Aim of the exercise>
Only the lines below starting at the one that contains "fixing title tags." and ending at the one that contains "Meanwhile, Kit —" are to be reproduced, exactly and with both ends kept.

Dataset content>
============
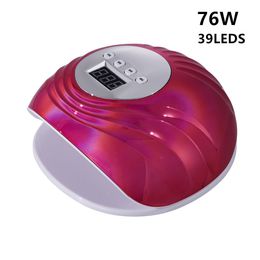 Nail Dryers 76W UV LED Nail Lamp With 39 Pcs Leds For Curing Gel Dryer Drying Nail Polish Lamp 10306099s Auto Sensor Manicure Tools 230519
============
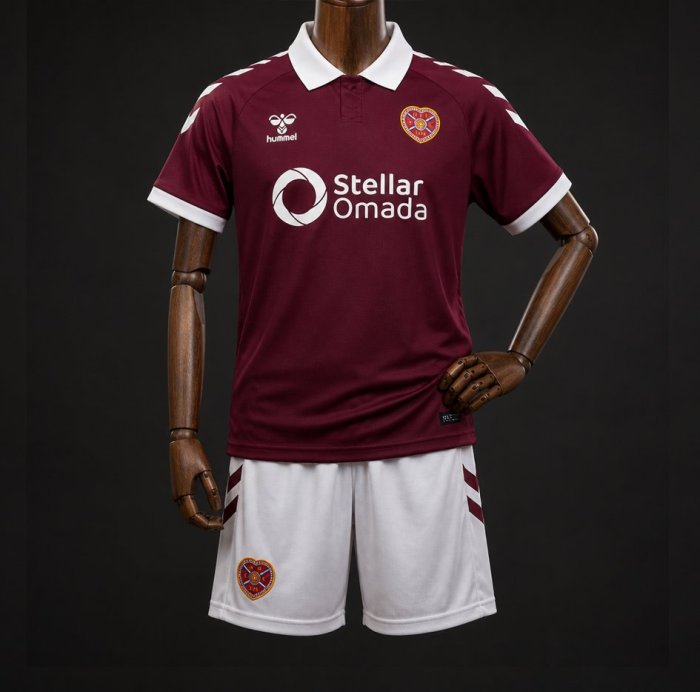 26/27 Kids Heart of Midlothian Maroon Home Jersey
============
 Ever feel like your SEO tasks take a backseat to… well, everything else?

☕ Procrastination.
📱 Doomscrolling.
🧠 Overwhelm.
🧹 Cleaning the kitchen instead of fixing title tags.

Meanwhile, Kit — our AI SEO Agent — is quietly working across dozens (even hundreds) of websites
============
Response box>
🧹 Cleaning the kitchen instead of fixing title tags.

Meanwhile, Kit — our AI SEO Agent — is quietly working across dozens (even hundreds) of websites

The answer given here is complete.